From top to bottom, return the listing exactly as it appears, omitting its images.

* Data section:
+++
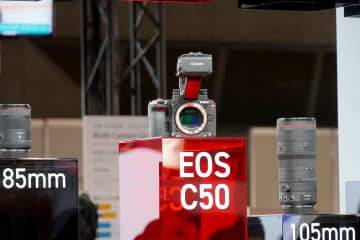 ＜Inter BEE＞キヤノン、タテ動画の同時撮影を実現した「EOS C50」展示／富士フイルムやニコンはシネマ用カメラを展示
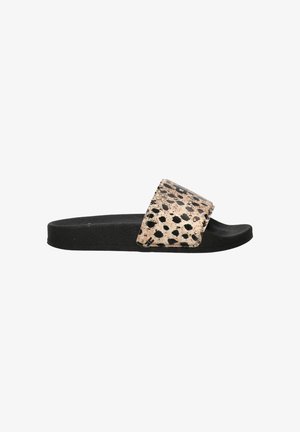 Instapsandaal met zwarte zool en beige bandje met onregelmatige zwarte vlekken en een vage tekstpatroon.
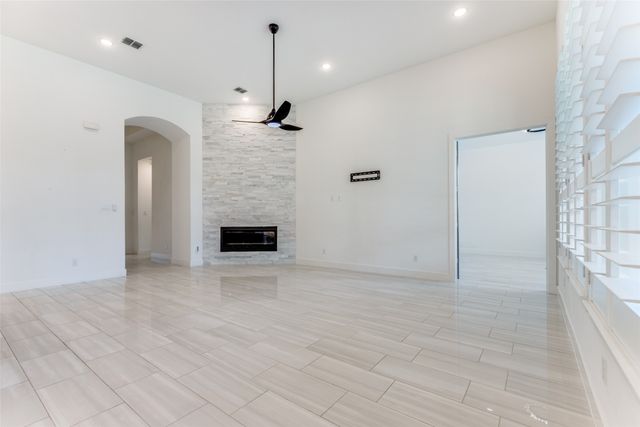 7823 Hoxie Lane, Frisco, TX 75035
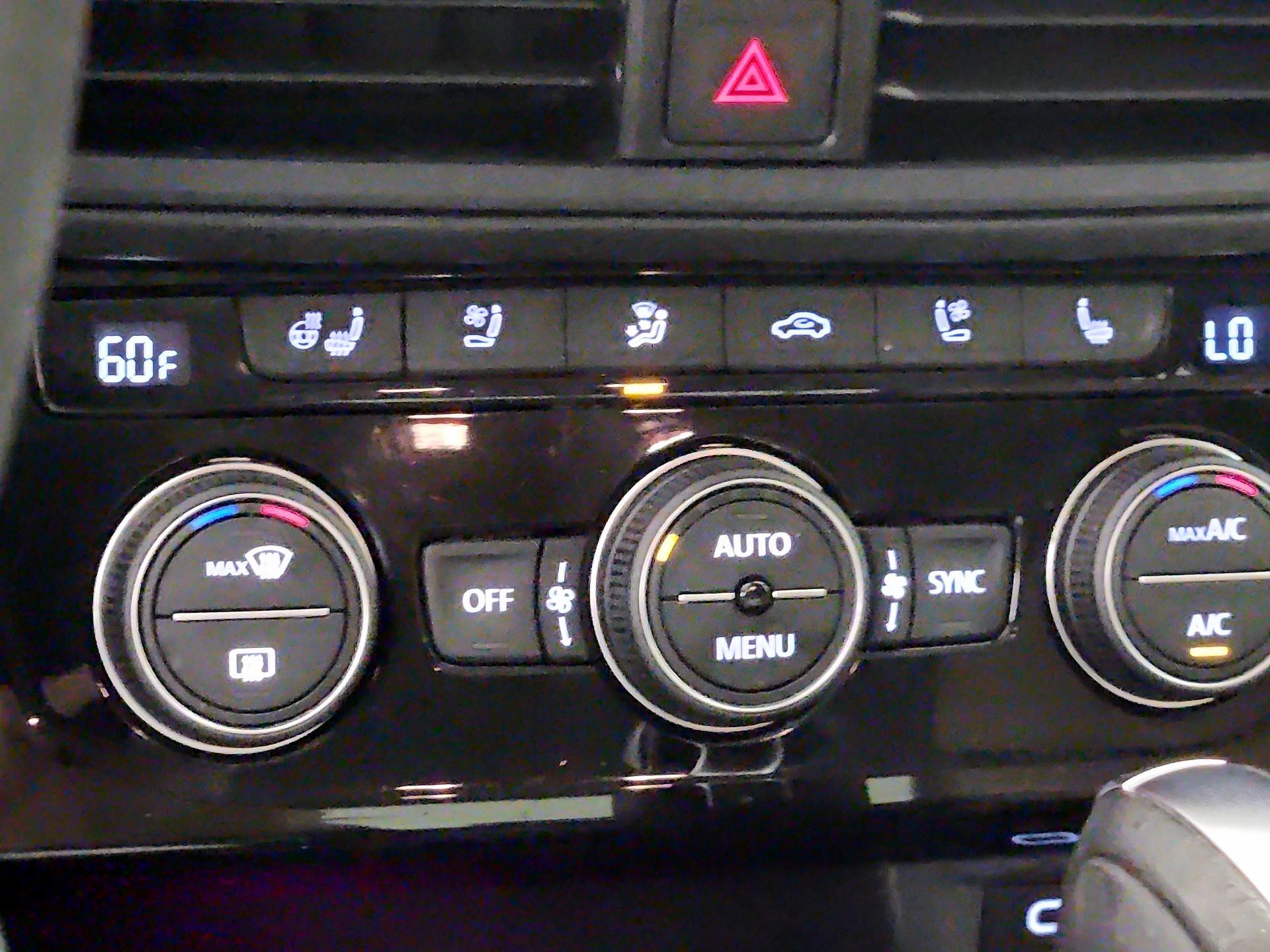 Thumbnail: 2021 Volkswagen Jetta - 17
+++
* Task output:
 ＜Inter BEE＞キヤノン、タテ動画の同時撮影を実現した「EOS C50」展示／富士フイルムやニコンはシネマ用カメラを展示
 Instapsandaal met zwarte zool en beige bandje met onregelmatige zwarte vlekken en een vage tekstpatroon.
 7823 Hoxie Lane, Frisco, TX 75035
 Thumbnail: 2021 Volkswagen Jetta - 17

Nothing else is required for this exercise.